Pour étudier davantage ce processus de normalisation et de diffusion de l’évitement fiscal en contexte canadien et son rôle dans la reconduction de la stratégie particulière de la dette intra-groupe et de l’évitement fiscal en général, cette publication approfondit la recherche menée par l’IRIS en 2023 sur les 67 entreprises multinationales canadiennes qui ont transféré des sommes au Luxembourg pour diminuer leur participation aux revenus fiscaux du Canada et à l’étranger10. Nous analysons l’itinéraire professionnel des 1277 personnes ayant siégé à des conseils d’administration de 52 de ces entreprises et constatons que parmi celles-ci se trouvent 272 individus qui ont eu, à un moment ou à un autre de leur carrière, une responsabilité au sein d’une institution publique ou parapublique. L’objectif de cette démarche est de décrire en quoi la porosité entre les secteurs privé et public sur le plan de l’évitement fiscal a pu participer à la reconduction de la stratégie de la dette intra-groupe au Canada dans les 30 dernières années.

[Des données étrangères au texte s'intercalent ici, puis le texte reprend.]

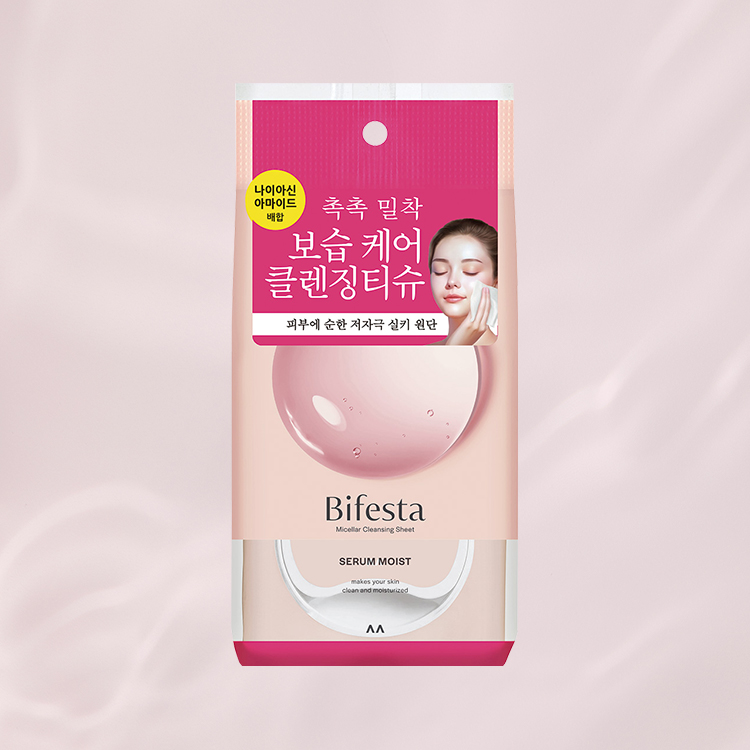 비페스타 미셀라 클렌징티슈 모이스트 46매 저자극 보습 클렌징시트 - 상세 이미지 2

L’évitement fiscal comme stratégie légale d’abaissement des obligations fiscales d’une entreprise repose sur une série de facteurs internes et externes à l’entreprise11. Parmi ceux-ci, la question des connexions politiques de l’entreprise est un facteur interne pouvant contribuer à l’évitement fiscal12. Le niveau de connexions politiques d’une entreprise est mesuré à partir de différents indicateurs, tels que le parcours professionnel des administrateurs et administratrices, la contribution à des organisations politiques, les activités de lobbyisme, etc. Par exemple, une étude menée aux États-Unis a démontré que les entreprises recourant à des administrateurs et administratrices ayant déjà été en politique active sont plus susceptibles de mettre en place des stratégies agressives d’évitement fiscal13. Une autre recherche a pour sa part établi un lien entre l’abaissement du taux d’imposition effectif d’une entreprise et le fait que son CA compte sur des personnes qui siègent également aux CA d’entreprises ayant un taux d’imposition bas, ce qui favorise le partage de connaissances à cet égard14.
La recherche universitaire portant sur l’évitement fiscal des entreprises accorde ainsi une attention particulière au CA des entreprises et à sa composition, puisqu’il s’agit d’une instance déterminante pour la stratégie fiscale de l’entreprise. Sur les plans formel et légal, la question de la fiscalité fait partie des devoirs de gouvernance des administrateurs et administratrices, puisque le CA est une instance de surveillance de la conformité de l’entreprise à ses obligations diverses15. Ensuite, sur le plan social, la composition du CA participe au réseau politique et économique de l’entreprise, ce qui est considéré comme une variable susceptible d’influencer les stratégies fiscales de l’entreprise.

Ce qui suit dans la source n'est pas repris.